Dopo un rinvaso parziale il vecchio pane radicale e il nuovo substrato possono asciugare a velocità molto diverse. Il punto non è bagnare di più, ma capire quale zona sta davvero chiedendo acqua.

Tutto il Journal
Radici e substrato durante il rinvaso di un bonsai

È una situazione comune dopo un rinvaso conservativo: attorno alle radici c’è ancora una parte di vecchia zolla, mentre il resto del vaso contiene pomice, akadama o un altro substrato molto più drenante. Le due zone non si comportano allo stesso modo e annaffiare “quando il vaso sembra asciutto” può diventare ingannevole.

Risposta in 20 secondi

Devi leggere soprattutto la zona in cui si trova la maggior parte delle radici attive. Il nuovo substrato può apparire asciutto mentre il cuore della vecchia zolla è ancora saturo; oppure può succedere l’opposto, con una zolla vecchia compatta che fatica a reidratarsi mentre l’acqua attraversa velocemente il materiale nuovo.

Perché succede

Materiali diversi hanno porosità, granulometria e capacità di trattenere acqua differenti. Un vecchio terriccio organico fine può rimanere umido molto più a lungo di pomice e akadama. Se invece è diventato molto secco e idrofobico, può respingere l’acqua e restare asciutto internamente anche quando il resto del vaso è stato irrigato.

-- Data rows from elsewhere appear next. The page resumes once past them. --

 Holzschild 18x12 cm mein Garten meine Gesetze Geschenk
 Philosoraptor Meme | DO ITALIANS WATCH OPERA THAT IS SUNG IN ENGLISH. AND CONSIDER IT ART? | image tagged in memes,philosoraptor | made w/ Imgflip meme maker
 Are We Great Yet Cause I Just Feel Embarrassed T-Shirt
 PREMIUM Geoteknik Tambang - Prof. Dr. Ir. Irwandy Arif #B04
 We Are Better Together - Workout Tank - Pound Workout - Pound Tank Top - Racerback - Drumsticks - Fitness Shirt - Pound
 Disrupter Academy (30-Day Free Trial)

Scenario 1: fuori asciutto, centro ancora bagnato

È frequente quando il vecchio pane radicale è fine e compatto. Non usare il colore asciutto della pomice periferica come unico segnale. Controlla l’umidità vicino alla zolla con una bacchetta, uno stecchino di legno o osservando il peso e il tempo di asciugatura del vaso. Se il centro è ancora molto umido, altra acqua può semplicemente prolungare la saturazione radicale.

Scenario 2: fuori bagnato, vecchia zolla che non assorbe

Se l’acqua scorre rapidamente nel substrato nuovo ma il nucleo resta secco, irriga più lentamente e in più passaggi, lasciando qualche minuto tra una bagnatura e l’altra. In casi estremi può essere utile reidratare gradualmente il pane radicale invece di aumentare la frequenza delle irrigazioni superficiali.

Scenario 3: una zona asciuga sempre molto prima dell’altra

La differenza non va necessariamente “corretta” in una settimana. Se la pianta è stata rinvasata conservando parte del vecchio pane, la transizione può richiedere uno o più rinvasi. L’obiettivo è mantenere radici sane mentre progressivamente si costruisce un apparato radicale uniforme nel nuovo substrato.

Come controllare senza smontare il vaso

  • osserva quanto tempo impiega l’acqua a penetrare nella zona centrale;
  • usa una bacchetta di legno inserita vicino alla vecchia zolla per confrontare l’umidità;
  • controlla il peso del vaso quando è appena irrigato e quando inizia ad asciugare;
  • osserva il consumo idrico della pianta e la risposta della vegetazione;
  • non affidarti soltanto al colore dello strato superficiale.

Cosa non fare

  • innaffiare automaticamente ogni volta che la superficie nuova diventa chiara;
  • tenere tutto costantemente fradicio per paura che la vecchia zolla resti secca;
  • forare aggressivamente il pane radicale di una pianta appena rinvasata;
  • considerare pomice e vecchio terriccio come se avessero gli stessi tempi di asciugatura.

Il problema si risolve nel tempo

Una forte differenza tra vecchia e nuova zona è soprattutto un problema di gestione transitoria. Nei rinvasi successivi, quando specie e vigore lo permettono, puoi ridurre progressivamente il vecchio materiale e costruire un pane radicale più uniforme. Approfondisci con potatura delle radici, substrati per bonsai e gestione dopo il rinvaso.

La regola utile

Non chiederti se “il vaso” è asciutto. Chiediti dove sono le radici che stanno assorbendo e quanta acqua c’è davvero in quella zona. Quando nel contenitore convivono due substrati, anche l’irrigazione deve essere letta in due dimensioni.